Doug writes: > So where's the ROP these days?

according to the SURVEY OF CURRENT BUSINESS (http://www.bea.doc.gov/bea/ARTICLES/2002/09September/0902CorpProfit.pdf), what Fred calls the "conventional rate of profit" for the non-financial corporate sector has fallen pretty drastically in recent years. Its cyclical peak was in 1997, suggesting that the 2001 recession was partly -- or maybe completely? -- caused by the fall.

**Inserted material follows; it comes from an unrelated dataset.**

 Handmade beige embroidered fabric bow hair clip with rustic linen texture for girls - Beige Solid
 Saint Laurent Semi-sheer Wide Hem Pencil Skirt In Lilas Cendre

I presume that the ROP fell more drastically in 2002 because of falling rates of capacity utilization (and profit realization) as it did in 2001, though the government hasn't calculated that yet.

------------------------
Jim Devine [EMAIL PROTECTED] & http://bellarmine.lmu.edu/~jdevine <http://bellarmine.lmu.edu/%7Ejdevine>


--
Frequently the only possible answer is a critique of the
question and the only solution is to negate the question.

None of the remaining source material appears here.